◆ **Action item**
For this exercise, reproduce the entries below exactly, but only from the line containing "2022 Jeep Grand Cherokee Limited" through the line containing "Janie & Jack", both included.

◆ **Data extract**
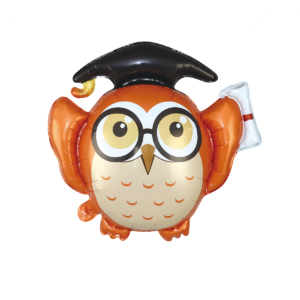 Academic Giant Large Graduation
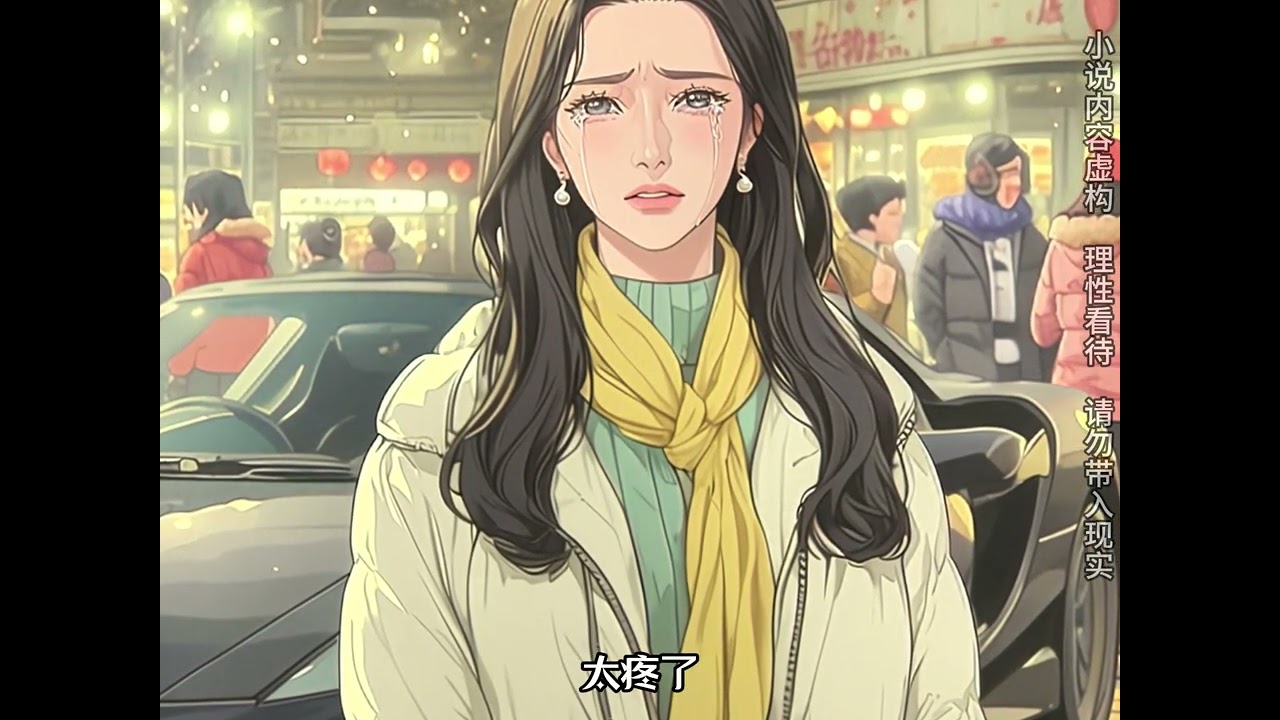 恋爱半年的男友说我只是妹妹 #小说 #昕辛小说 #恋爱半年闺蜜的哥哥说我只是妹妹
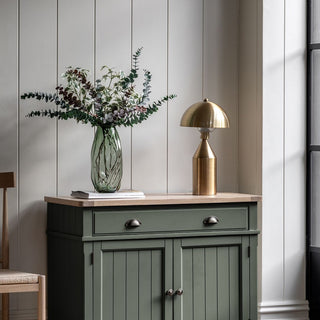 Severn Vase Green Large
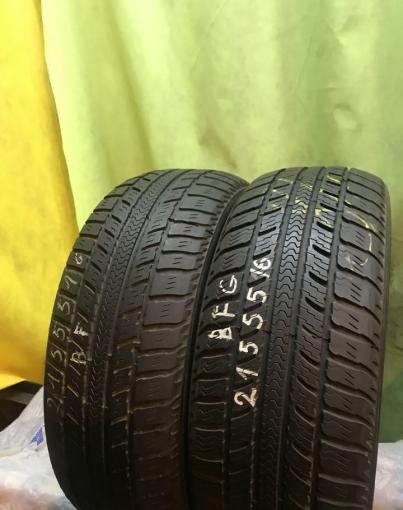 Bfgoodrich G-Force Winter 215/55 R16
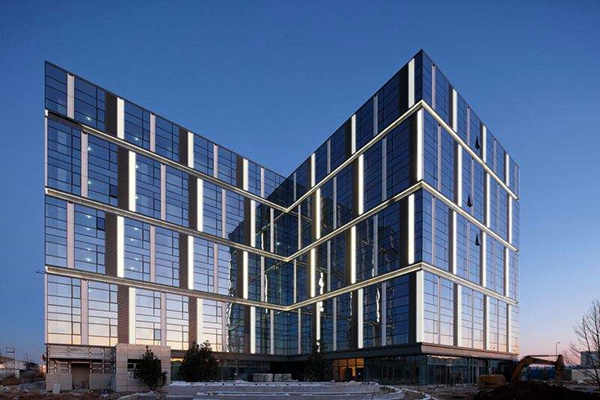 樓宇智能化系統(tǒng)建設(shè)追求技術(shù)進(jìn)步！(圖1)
* * *
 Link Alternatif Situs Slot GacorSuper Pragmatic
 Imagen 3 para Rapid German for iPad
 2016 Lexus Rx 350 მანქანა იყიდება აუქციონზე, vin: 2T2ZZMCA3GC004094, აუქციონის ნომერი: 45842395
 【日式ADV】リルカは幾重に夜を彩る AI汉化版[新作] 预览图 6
* * *
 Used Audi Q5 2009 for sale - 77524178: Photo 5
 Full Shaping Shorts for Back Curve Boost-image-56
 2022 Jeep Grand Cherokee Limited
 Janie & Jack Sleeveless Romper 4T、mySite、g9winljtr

◆ **Final answer**
 2022 Jeep Grand Cherokee Limited
 Janie & Jack Sleeveless Romper 4T、mySite、g9winljtr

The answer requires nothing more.